C'est qu'il a du vécu ce salaud d'instrument! J'lavais gagner au pocker, lors de notre première escale. On s'était arrêté du coté de Belfast, pour passer la nuit et zoner un peu aux bistrots. Là, dans un vieux bouge mal famé, je misais le peu d'argent qu'il me restait avec un borgne un peu ivre et un vieux loup de mer couvert de cicatrices qui menaçaient de lâcher à chaque fois qu'il esquissait un rictus qui pourrait passer pour un sourire forcé. Avec cinq as en main j'étais sûr de gagner, mais ce crétin de borgne m'accusait de tricherie. C'ui-ci s'est montré beaucoup plus coopératif quand mon pieds a malheureusement glissé dans ses roubignoles. Son copain le décousu me regarda un moment, émis un rictus, regarda mon poto le gros Yann (celui qui faisait trois tête de plus que lui et qui avait les pognes aussi grosses que des melons), émit un autre rictus et me laissa son harmonica avant de décamper. Je souris au gros Yann, il me montra les dents. Je m'étais intégré plutôt rapidement à l'équipage, un musicien était toujours bien accueilli sur le pont d'un bateau."
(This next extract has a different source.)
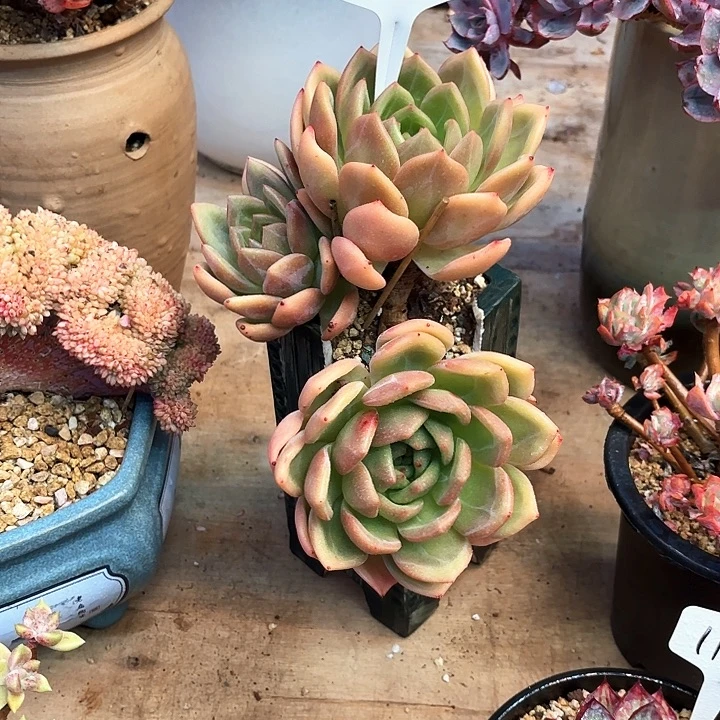 多肉植物，香槟7号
Adieu, frères du port, que vos plaintes s'mèlent au vent, et votre âme à l'océan. Si seulement je savais c'qui s'était réellement passé durant cette foutue nuit. J'étais en train de pisser par dessus le pont, la cervelle complètement dézinguée après une demi-douzaine de pinte de rhum. Un sourire d'abruti figé sur ma pomme, une clope au bec, et une chanson dans la caboche, j'essayais tant bien qu'mal de tenir sur mes guiboles malgré les roulis du bateau. Puis soudain l'ciel d'encre s'illumina. Un quatorze juillet, que j'me dis? Béh non, c'était pas vraiment la saison ! Plus loin à l'horizon je vis une énorme lueur rouge. Un putain de champignon de feu, c'est quoi c'te connerie ?
J'tournais au radar et j'avais vraiment du mal du mal à y voir net. Puis, ce fut le grand bazar. Une énorme vague frappa le bateau et d'un coup la mer se déchaina un beau diable. Les quelques gars encore valides s'agitaient pour contrôler tant bien que mal le navire, mais c'était peine perdu. Debout sur le pont, je tombai à la flotte. L'eau me remplissait l'gosier tandis que je remuais les bras en gueulant comme un damné. Les flots étaient déchainés et lorsque j'arrivais à r'faire surface, l'océan m'envoyait valdinguer vers le fond. Après un sacré bout de temps, j'réussis, non sans mal, à revenir à la surface en m'agrippant à un récif. La mer s'était tut d'un coup. C'était le calme après la tempête. Une onde de choc dévastatrice qui avait foutu son zouk, puis...plus rien. Je me mis alors à chercher mon navire, j'avais les jetons de l'avoir perdu à tout jamais. Mais, il était plus proche que j'ne le croyais. Après quelques centaines de mètres parcouru à la nage, je pu le distinguer... encastré dans un récif. Des planches de bois étaient éparpillées à la surface de l'eau, et parmi elles se trouvaient les corps de mes camarades! J'eu la gerbe à la vision de ce spectacle terrifiant. Je m'approchais de plus près, tout en ayant du mal à réaliser ce qui se passait autours de moi. Mais, j'avais beau fermer les yeux et les rouvrir, c'que je voyais était belle et bien réel. Et je confirmais avec horreur ce que je croyais être un cauchemar éveillé; plus je m'approchais et moins j'avais envie de regarder autour de moi. Tout n'était que planche, corps et bout de toile en pagaille. Le choc avait dû être terrible. Et moi, j'étais le dernier de tout ces grands cons à être encore en vie! Mais c'était quoi c'te saloperie de tempête ?
Je m'allongeais, contemplant le ciel au dessus de moi, et tout en fermant les yeux, je sortis mon harmonica. Il faut jouer; jouer pour oublier.